Problem description = Return exactly the line that contains "Contrôleur de charge" and all lines beneath it in the entries, through the very last one.

Crawled caption data:
+ + + +

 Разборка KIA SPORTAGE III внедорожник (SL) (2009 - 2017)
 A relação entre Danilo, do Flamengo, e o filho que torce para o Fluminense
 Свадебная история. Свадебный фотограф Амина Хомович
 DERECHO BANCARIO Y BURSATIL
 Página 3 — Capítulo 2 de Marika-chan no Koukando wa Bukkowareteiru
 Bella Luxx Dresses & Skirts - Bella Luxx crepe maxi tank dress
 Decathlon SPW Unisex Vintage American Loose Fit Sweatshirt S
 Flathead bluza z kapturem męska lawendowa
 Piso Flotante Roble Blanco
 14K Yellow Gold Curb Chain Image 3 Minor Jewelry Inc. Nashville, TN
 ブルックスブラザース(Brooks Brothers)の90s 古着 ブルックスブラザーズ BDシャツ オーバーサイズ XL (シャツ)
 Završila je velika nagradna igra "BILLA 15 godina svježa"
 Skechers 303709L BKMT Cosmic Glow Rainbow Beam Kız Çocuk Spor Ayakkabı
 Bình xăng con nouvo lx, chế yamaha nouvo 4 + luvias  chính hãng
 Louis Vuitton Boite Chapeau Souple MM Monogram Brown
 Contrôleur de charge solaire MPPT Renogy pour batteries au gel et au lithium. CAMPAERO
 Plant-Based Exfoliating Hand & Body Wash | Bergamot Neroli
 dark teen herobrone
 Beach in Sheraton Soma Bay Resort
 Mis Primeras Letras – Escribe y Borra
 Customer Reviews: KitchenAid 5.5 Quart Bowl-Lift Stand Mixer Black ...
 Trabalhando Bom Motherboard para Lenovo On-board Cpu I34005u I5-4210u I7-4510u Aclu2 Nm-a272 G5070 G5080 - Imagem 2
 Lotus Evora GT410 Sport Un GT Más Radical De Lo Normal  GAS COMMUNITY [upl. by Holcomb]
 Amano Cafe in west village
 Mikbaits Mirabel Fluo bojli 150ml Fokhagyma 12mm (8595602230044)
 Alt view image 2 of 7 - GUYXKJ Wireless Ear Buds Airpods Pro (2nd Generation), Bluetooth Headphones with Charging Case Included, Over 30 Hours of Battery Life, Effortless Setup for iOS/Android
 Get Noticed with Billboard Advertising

+ + + +

Answer area =
 Contrôleur de charge solaire MPPT Renogy pour batteries au gel et au lithium. CAMPAERO
 Plant-Based Exfoliating Hand & Body Wash | Bergamot Neroli
 dark teen herobrone
 Beach in Sheraton Soma Bay Resort
 Mis Primeras Letras – Escribe y Borra
 Customer Reviews: KitchenAid 5.5 Quart Bowl-Lift Stand Mixer Black ...
 Trabalhando Bom Motherboard para Lenovo On-board Cpu I34005u I5-4210u I7-4510u Aclu2 Nm-a272 G5070 G5080 - Imagem 2
 Lotus Evora GT410 Sport Un GT Más Radical De Lo Normal  GAS COMMUNITY [upl. by Holcomb]
 Amano Cafe in west village
 Mikbaits Mirabel Fluo bojli 150ml Fokhagyma 12mm (8595602230044)
 Alt view image 2 of 7 - GUYXKJ Wireless Ear Buds Airpods Pro (2nd Generation), Bluetooth Headphones with Charging Case Included, Over 30 Hours of Battery Life, Effortless Setup for iOS/Android
 Get Noticed with Billboard Advertising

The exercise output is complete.